Tips for understanding your farm’s pasture health
There are 16 essential nutrients that clover needs which come from the air, water, soil and fertiliser, and a plant will only grow as fast as the most limited nutrient allows. Dr Doug Edmeades is a proudly independent soil scientist who runs agKnowledge and has a lifetime of scientific experience working with soil and pasture growth. These are some of his key tips on using fertiliser and assessing the health of your pasture.
Source: www.beeflambnz.com podcast
1. CLOVER IS KING
For every kilogram of clover and ryegrass pasture, the cost of growing it is about 4-5 cents. However, clover is far more nutritious than ryegrass, and it also puts nitrogen into the system for free.

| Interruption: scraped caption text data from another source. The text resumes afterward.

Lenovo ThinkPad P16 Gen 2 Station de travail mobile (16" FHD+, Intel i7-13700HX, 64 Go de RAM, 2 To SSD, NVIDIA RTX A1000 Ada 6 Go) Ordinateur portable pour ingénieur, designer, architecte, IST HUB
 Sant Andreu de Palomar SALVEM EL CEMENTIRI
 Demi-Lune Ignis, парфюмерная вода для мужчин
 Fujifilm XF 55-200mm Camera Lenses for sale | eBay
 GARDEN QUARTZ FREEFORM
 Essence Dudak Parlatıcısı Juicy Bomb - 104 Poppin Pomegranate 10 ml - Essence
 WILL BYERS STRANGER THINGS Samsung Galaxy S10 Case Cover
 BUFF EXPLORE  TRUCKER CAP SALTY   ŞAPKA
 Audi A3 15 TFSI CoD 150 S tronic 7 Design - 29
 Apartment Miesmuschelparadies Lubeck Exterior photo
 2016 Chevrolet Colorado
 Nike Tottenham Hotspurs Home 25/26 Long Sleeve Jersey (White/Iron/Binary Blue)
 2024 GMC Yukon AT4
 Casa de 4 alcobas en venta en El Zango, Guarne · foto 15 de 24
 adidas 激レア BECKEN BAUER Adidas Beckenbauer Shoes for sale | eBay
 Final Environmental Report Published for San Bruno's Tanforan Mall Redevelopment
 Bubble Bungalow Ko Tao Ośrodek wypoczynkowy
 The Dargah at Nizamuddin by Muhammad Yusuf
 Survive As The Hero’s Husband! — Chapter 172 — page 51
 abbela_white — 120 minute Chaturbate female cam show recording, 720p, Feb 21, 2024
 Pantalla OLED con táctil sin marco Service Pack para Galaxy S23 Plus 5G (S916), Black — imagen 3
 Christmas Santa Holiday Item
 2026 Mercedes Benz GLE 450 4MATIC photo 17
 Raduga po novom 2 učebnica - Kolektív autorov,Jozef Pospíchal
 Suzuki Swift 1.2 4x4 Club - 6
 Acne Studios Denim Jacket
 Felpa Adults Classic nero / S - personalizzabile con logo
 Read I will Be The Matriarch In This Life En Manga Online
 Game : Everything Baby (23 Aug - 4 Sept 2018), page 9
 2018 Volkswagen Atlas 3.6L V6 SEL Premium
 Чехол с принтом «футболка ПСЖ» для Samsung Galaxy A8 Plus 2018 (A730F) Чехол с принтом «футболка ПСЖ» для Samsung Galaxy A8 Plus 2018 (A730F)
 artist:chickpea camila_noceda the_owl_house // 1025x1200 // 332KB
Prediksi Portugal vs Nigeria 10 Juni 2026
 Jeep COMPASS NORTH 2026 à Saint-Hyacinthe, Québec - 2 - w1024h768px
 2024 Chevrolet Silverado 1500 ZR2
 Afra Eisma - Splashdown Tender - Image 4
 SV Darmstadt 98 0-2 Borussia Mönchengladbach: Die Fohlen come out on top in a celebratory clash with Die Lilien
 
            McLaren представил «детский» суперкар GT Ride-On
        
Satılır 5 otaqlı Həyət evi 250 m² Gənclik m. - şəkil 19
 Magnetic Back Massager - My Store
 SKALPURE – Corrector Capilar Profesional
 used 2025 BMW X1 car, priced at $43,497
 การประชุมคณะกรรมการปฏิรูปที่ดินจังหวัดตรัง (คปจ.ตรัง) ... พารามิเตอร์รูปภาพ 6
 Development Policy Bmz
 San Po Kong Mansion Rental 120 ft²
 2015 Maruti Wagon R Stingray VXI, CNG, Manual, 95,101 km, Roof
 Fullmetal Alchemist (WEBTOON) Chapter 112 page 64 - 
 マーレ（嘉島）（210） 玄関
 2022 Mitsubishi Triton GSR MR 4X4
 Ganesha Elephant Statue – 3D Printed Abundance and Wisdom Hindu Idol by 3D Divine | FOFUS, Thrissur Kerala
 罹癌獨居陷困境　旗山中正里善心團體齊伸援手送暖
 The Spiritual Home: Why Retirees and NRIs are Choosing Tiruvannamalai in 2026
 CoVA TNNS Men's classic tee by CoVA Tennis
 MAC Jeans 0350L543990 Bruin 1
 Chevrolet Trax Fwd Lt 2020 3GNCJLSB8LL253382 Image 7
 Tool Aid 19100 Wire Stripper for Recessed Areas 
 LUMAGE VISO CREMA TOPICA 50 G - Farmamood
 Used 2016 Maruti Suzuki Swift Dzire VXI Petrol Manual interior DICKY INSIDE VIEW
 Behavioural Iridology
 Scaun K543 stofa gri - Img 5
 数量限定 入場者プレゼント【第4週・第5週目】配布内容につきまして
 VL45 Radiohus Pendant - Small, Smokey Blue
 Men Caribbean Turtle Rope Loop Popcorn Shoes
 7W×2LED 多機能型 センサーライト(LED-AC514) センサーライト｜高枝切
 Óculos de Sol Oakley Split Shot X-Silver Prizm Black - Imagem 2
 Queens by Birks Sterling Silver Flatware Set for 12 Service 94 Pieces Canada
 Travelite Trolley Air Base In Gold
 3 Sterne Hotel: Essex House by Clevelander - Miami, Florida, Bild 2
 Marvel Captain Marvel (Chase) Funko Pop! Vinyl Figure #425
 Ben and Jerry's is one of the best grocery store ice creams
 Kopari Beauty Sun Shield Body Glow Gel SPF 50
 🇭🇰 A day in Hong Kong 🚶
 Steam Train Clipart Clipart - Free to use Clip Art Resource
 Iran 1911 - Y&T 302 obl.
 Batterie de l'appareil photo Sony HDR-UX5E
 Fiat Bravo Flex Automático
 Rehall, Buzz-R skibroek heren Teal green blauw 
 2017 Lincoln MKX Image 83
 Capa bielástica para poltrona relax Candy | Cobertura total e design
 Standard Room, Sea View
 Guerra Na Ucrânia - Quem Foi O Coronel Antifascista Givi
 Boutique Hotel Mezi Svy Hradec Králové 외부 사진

2. CLOVER TELLS YOU A LOT AND IT TELLS YOU FIRST
Clover has a poor root structure and a high requirement for all 16 essential nutrients. Doug describes it as the ‘canary in the mine’ on your block, with poor clover growth telling you there’s likely to be a particular nutrient that’s missing.
3. YOU’RE ALMOST CERTAINLY MISSING POTASSIUM
It’s estimated that 80 percent of New Zealand farms – North and South Island – are deficient in potassium, phosphorus and/or sulphur (K, P, S), with potassium the one most likely to be low, says Doug. There’s no point in throwing more fertiliser at your block until you correct a potassium deficiency. In the last 100 years, potassium reserves have declined markedly so land that never used to need it now requires it.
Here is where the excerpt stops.